The invention published on Thursday by the U.S. Patent and Trademark Office, titled "Electronic Devices With Gaze Detection Capabilities," is a divisional patent application that claims priority to a September 2008 filing covering the same topic.
Apple's patent describes a system that leverages a portable's front-facing camera to determine whether a user's gaze is directed at the device. Also noted in the language is the use of an accelerometer which, when motion is recognized, shuts off the gaze detection circuitry.
In practice, if a user's gaze is determined to be directed at the device, the screen will remain on and at relative brightness. Conversely, if a user's gaze is found to have drifted away from the device, or if the accelerometer detects motion above a certain threshold, the screen is dimmed.
In some embodiments, the entire device enters standby mode when gaze conditions are not met. Once a user looks back at the display portion of the device, the portable moves out of standby and activates all functions. In addition, physical input like button presses can also trigger the device to return to an active state.
While the invention is in many respects a power saving measure, there is one embodiment discussed in which gaze controls media playback functions:
For example, the electronic device may be performing a video playback operation while in the active mode. In this example, when the electronic device detects that the user's gaze is no longer directed towards the electronic device, the electronic device may enter one of the standby modes, dim the display screen that was being used for the video playback operation, and pause the video playback operation. If desired, the electronic device may resume the video playback operation when it detects that the user has redirected their gaze towards the electronic device (e.g., towards the video screen).
As the 2013 filing was divisional, it necessarily removed certain claims from the original application, which was published in 2010. It appears that Apple concentrated on the workings of the eye-tracking tech rather than its implementation in the second filing, removing the first five claims of the original application. These dealt with playback functions and power saving features that would benefit from the gaze tracking system.
Such functionality is now being touted by Samsung as a major feature of its latest flagship smartphone, the Galaxy S4. Dubbed "Smart Scroll" the system operates in much the same way as Apple's invention, using the device's front-facing camera to track a user's eye movement to dim the screen and pause media. Samsung's implementation goes further, however, and includes webpage and email scrolling functionality.
Interestingly, a trademark filing with the USPTO on January 24, 2013 for "Eye Pause" is credited to Samsung. That date is just one day before Apple entered its divisional patent filing. A subsequent filing for "Eye Scroll" was lodged in February, while the final "Samsung Smart Scroll" trademark was filed for on March 8, 2013, six days prior to the Galaxy S4's unveiling.
While Apple's original gaze detecting patent application dates back to 2008, Samsung also has similar eye-tracking properties on the books, including U.S. Patent No. 6,611,613 for "Apparatus and method for detecting speaking person's eyes and face," which was awarded in 2000.

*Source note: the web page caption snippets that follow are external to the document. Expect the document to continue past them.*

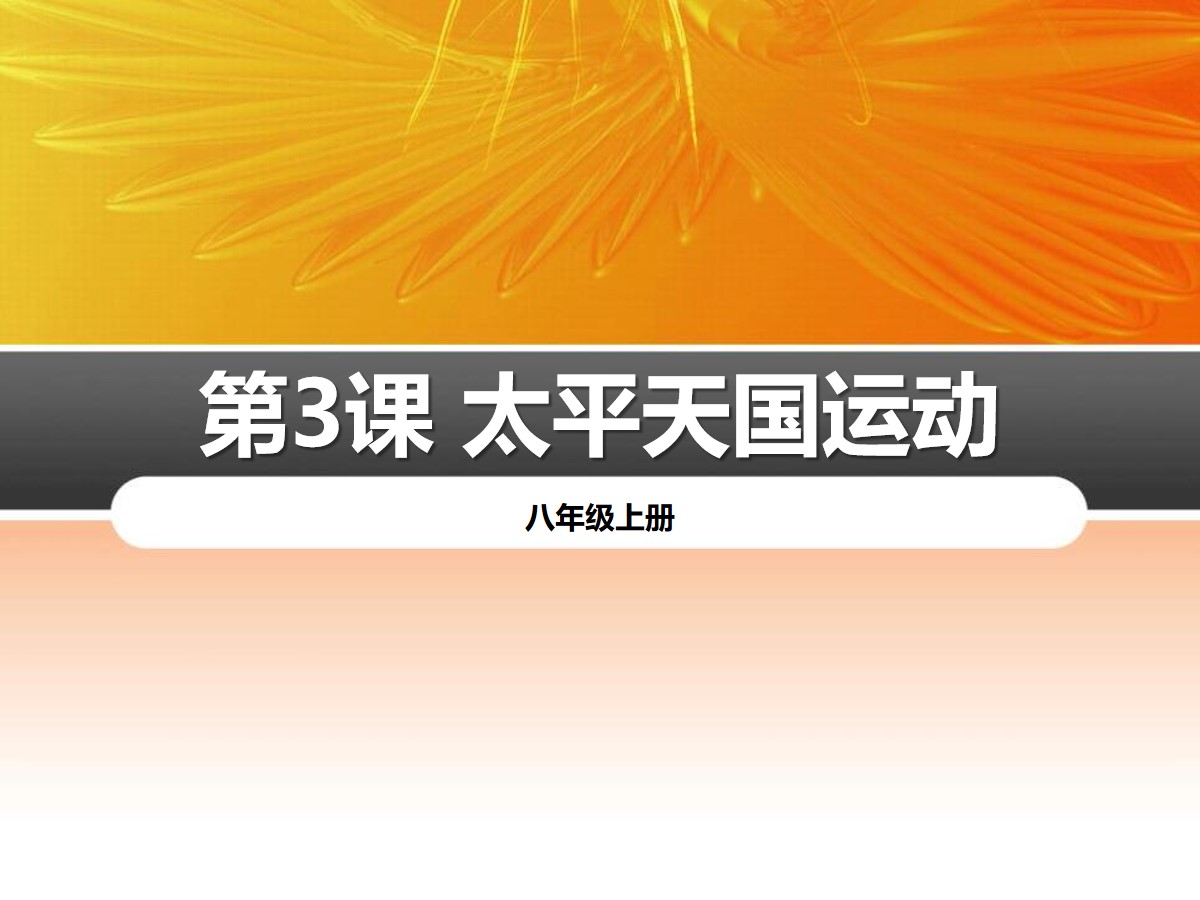 《太平天国运动》PPT课件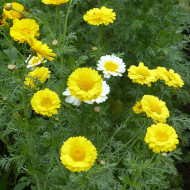 Chrysanthème des jardins Double Mix
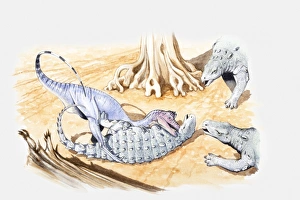 Illustration of a young Minmi dinosaur under attack by a theropod as older animals move Illustration of a young Minmi dinosaur under attack by a theropod as older animals move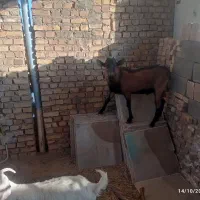 تعدادی بز وکره ویک عدد چپش الپایین|حیوانات مزرعه|میبد, |دیوار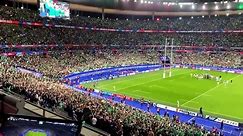 Zombie at the Stade de France following Ireland's rugby win over South Africa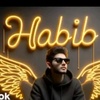 habib.javaid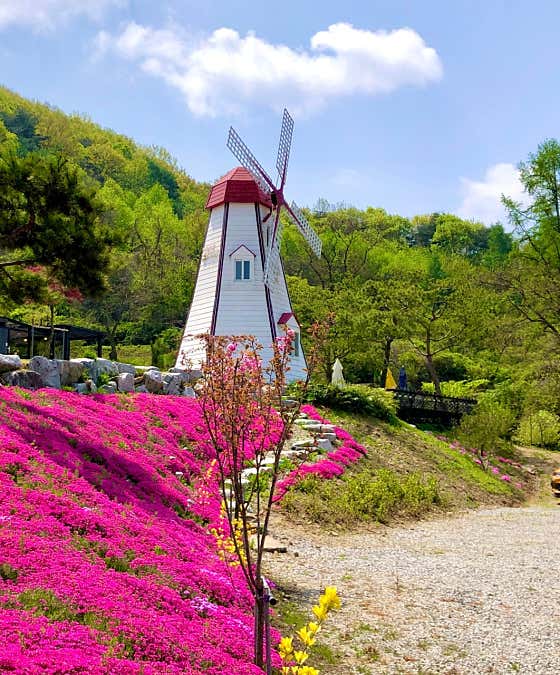 언덕위에풍차카페
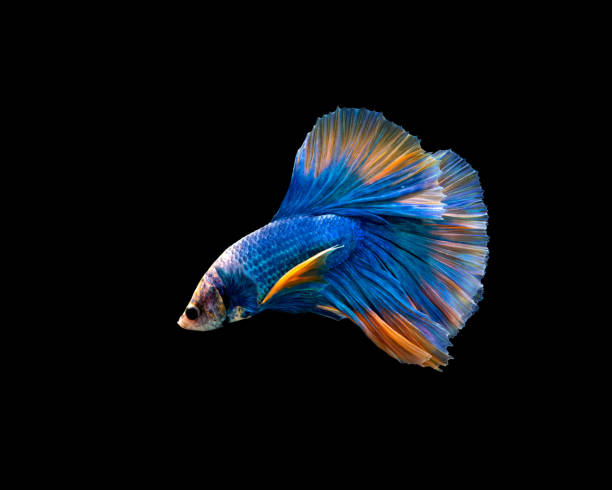 istock Halfmoon blue and orange betta isolated on black background with clipping path 1363845751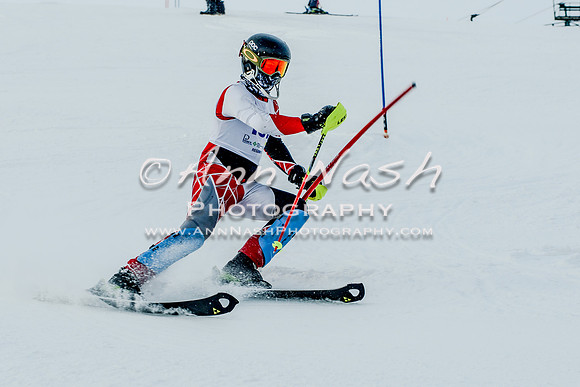 2016 February 14 alpine DSC_7233-2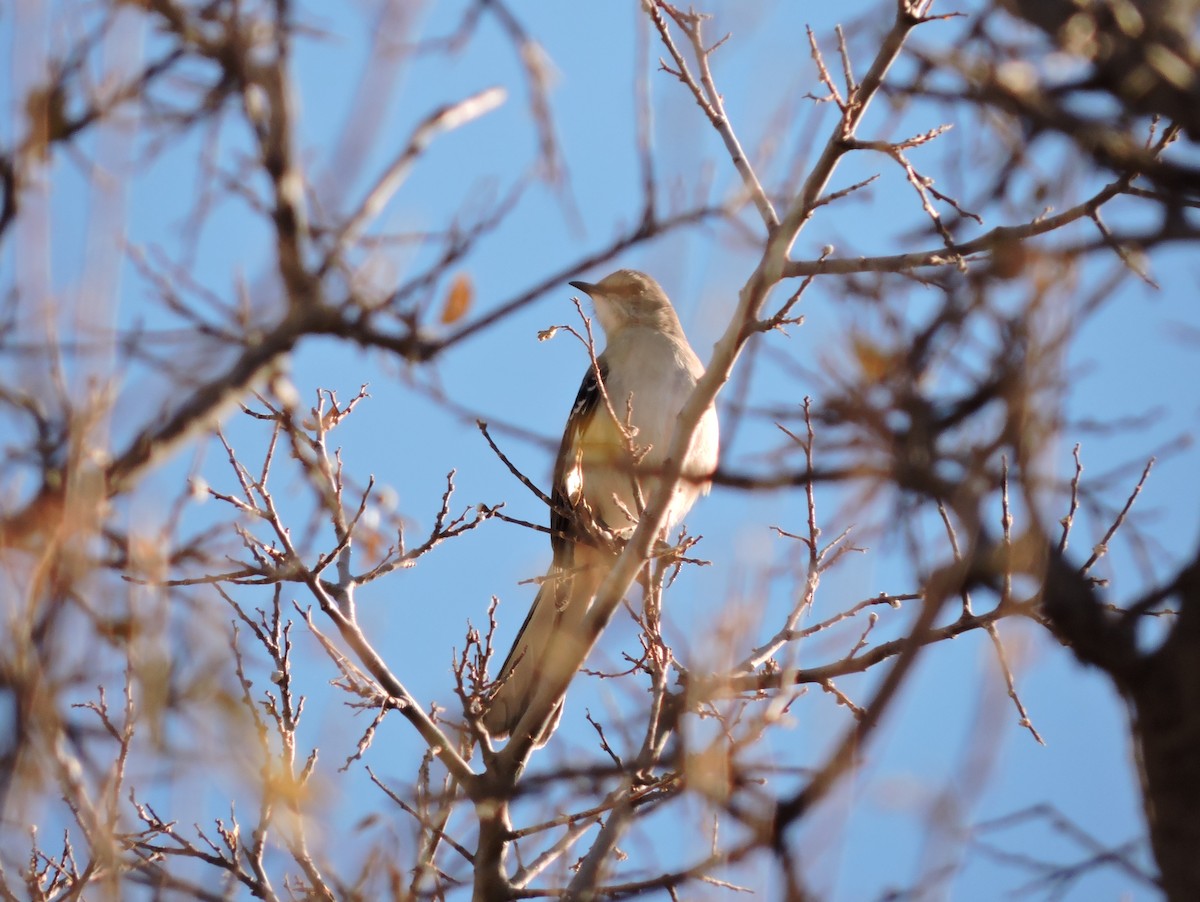 drozdec mnohohlasý - ML627907689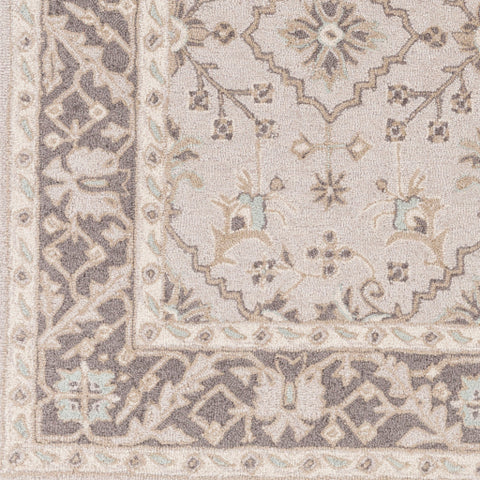 Image of Surya Castille Traditional Taupe, Charcoal, Ivory, Camel Rugs CTL-2000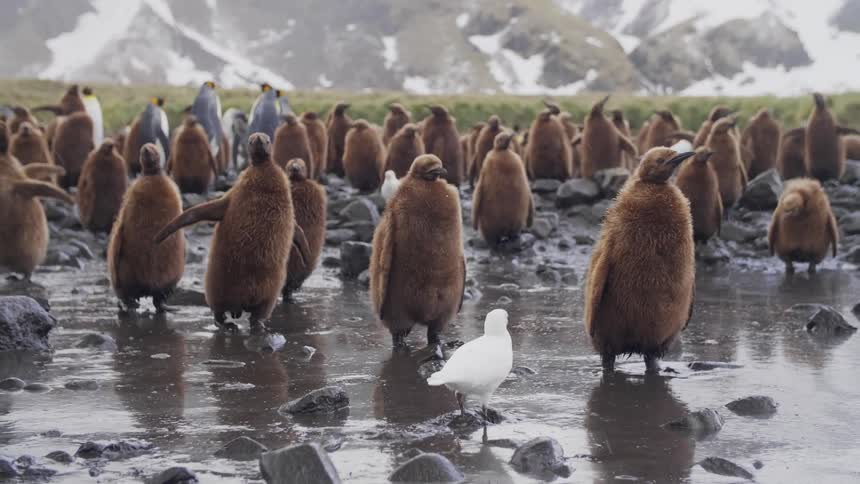 Penguin adults and chicks wade through mud near snow covered mountains slopes as bird of another species digs at mud with beak
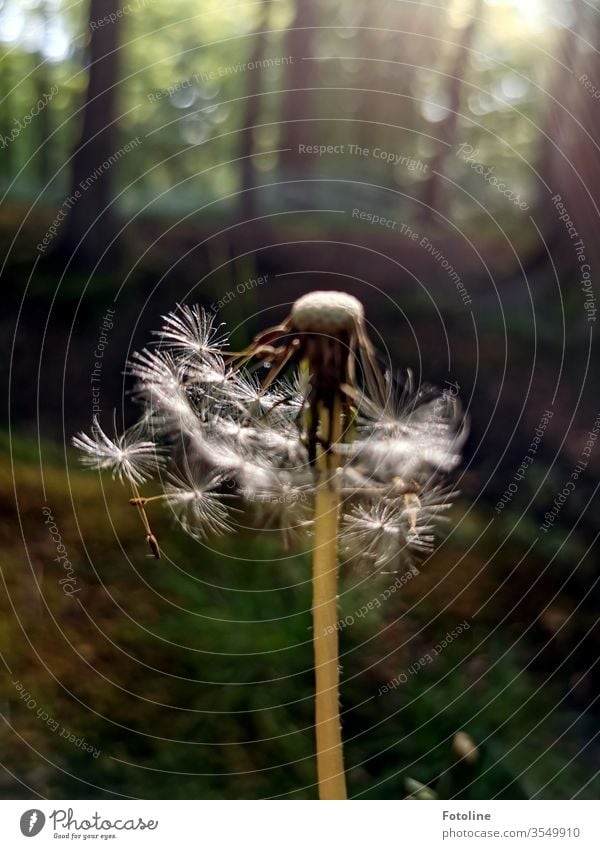 Gone with the wind - or a dandelion in the forest that has already been ruffled by the wind Nature lowen tooth Plant flowers Colour photo spring Exterior shot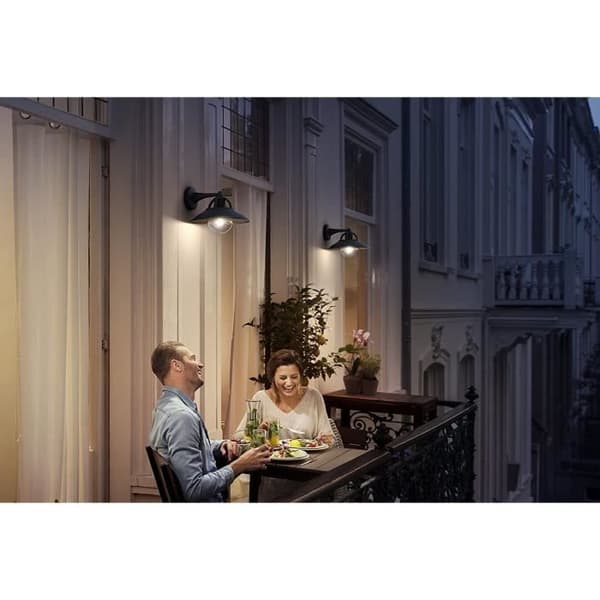 Philips myGarden LED-vägglampa Cormorant 1x42 W 1738130PN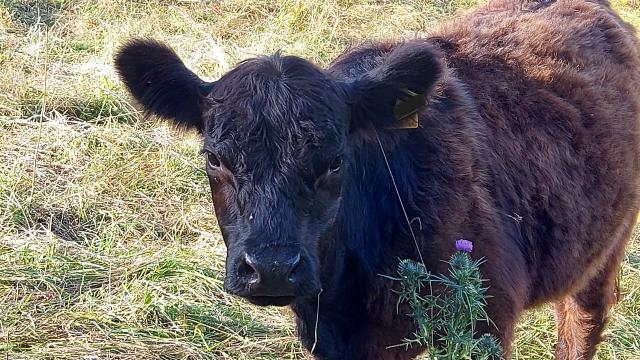 Angebote: - Handzahme Galloway Färsen + Galloway Absetzer (biozertifiziert) zu verkaufen - Galloway - Nettersheim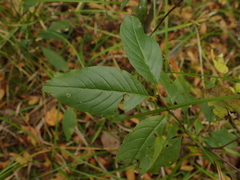 Rhamnus lanceolata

It can be speculated that Apple is attempting to establish prior art for eye-tracking in preparation of a theoretical case leveraged by either itself or Samsung as part of the two companies' ongoing feud, though it is more likely that the filing dates are mere coincidence. As of now, no allegations have been made by either party regarding the tech.
Apple's gaze detection patent is credits Andrew Hodge and Michael Rosenblatt as its inventors.